新垣 だからいちばん最初の段階で、彼との間には心理的な壁を作ってしまったんです。なので「深いところでつきあった」ということはなかったですね。お互いが、うわべの部分だけでやり取りをしていたような感じでした。
テリー 彼はいつから「自分は全聾(ろう)だ」と言っていたんですか。初めから? それとも、ある時から言いだしたんですか。
新垣 ある時からですね。十数年前に、ゲーム音楽が少し話題になったり、少しヒットしたりということがあったんです。その時に初めて「実は全聾だ」ということを言ってアピールしようとしたんですね。
テリー 「俺は耳が不自由なんだ」ということを営業戦略にしようと。
新垣 はい。そしてそのことは、外部には言わないという約束だったわけです。
テリー 考えてみたら、プロレスラーが「墓場から来た死者」とか「人を10人殺した」とかキャッチコピーを言ってるのに近いですよね。
新垣 同じだと思います。でも、その戦略があっても、結局はあまりうまくいっていなかったんですよ。だから私としても「目立たないし、小さな業界でごちゃごちゃやってるぐらいだったらいいかな」という、とても甘い考えだったんです。作曲をして、作曲料をもらうだけの関係なんだと。でも3年前に「交響曲第一番 HIROSHIMA」のCDが発売されて、そこからこの問題が表面化していきました。
テリー 全聾の作曲家として、NHKのドキュメンタリー(NHKスペシャル「魂の旋律~音を失った作曲家~」)で取り上げられたことも、CDの大ヒットにつながりましたよね。あの番組は見ましたか?
新垣 見ました。見た時点で「これはもういけないな」と。「このまま続けていったら大変なことになるな」と思いました。もうその時点で、大変なことにはなっていたんですけど。ただ、外へとアピールしていく彼の営業的な部分は、一切ノータッチで来てしまったものでしたから。
テリー 「新潮45」(新潮社)に音楽評論家の野口剛夫さんの書いた記事(「『全聾の天才作曲家』佐村河内守は本物か」)が出ましたよね。あの記事での指摘は、ずいぶんとショックだったんじゃないですか。
新垣 まだ世間的には称賛の声が大きかったんですけど、わかる人はわかるんですよね。自分の周りの音楽専門家が見れば、彼が作っているというのは、ありえないわけなんです。実際にそういったツッコミも、あるにはありました。ただ、メディアという形では表に出ていなかったんですね。

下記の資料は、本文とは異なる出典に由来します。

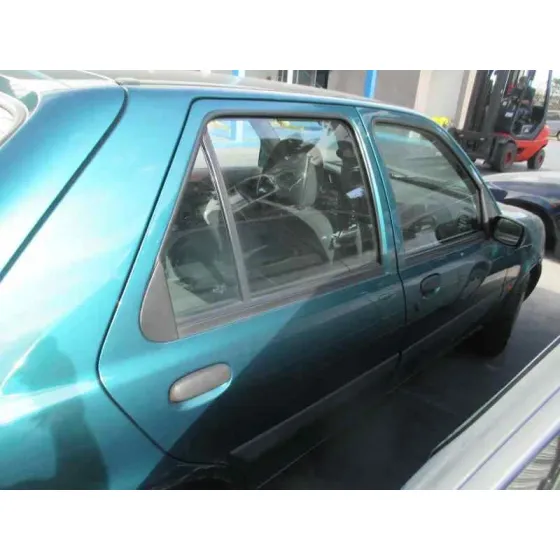 FORD FIESTA BERLINA (DX) '2000 AMBIENTE VERDE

テリー それこそ「現代のベートーベン」とか言われて、そのイメージのほうがとにかく大きかったよね。
新垣 野口さんは私ともまったく面識がなかったんです。そういう方がほとんど本当のことを言い当てていて、それを記事にしたということで「これはオセロゲームの四隅を取られちゃった状態だな」と思いました。
テリー 佐村河内さんには、すぐに電話をしたんですか。
新垣 連絡しました。その頃、自分はもうやりたくないという気持ちがあったので、こちらから連絡を絶っていたんです。彼からは次の打ち合わせをしたいという連絡が連日来るんですが、シャットアウトしていました。その時にちょうどあの記事が出たので、やはり「このまま続けるのは難しいです」と伝えたんです。
テリー そうしたら彼は?
新垣 彼は「なるほど」と言ったんですけど、「でも、これはまだ小さな声であって、大したことはないんだ」ということを言いました。
テリー う~む。度胸があるというか、ずうずうしいというか‥‥、あの時点でまだそんなことを言ってたんですか。
新垣 当時、彼は作曲家としてもやっと認められて、報道機関からいろんなオファーを受けていたので、ここで「世界進出をするんだ」みたいなことを考えていたんでしょう。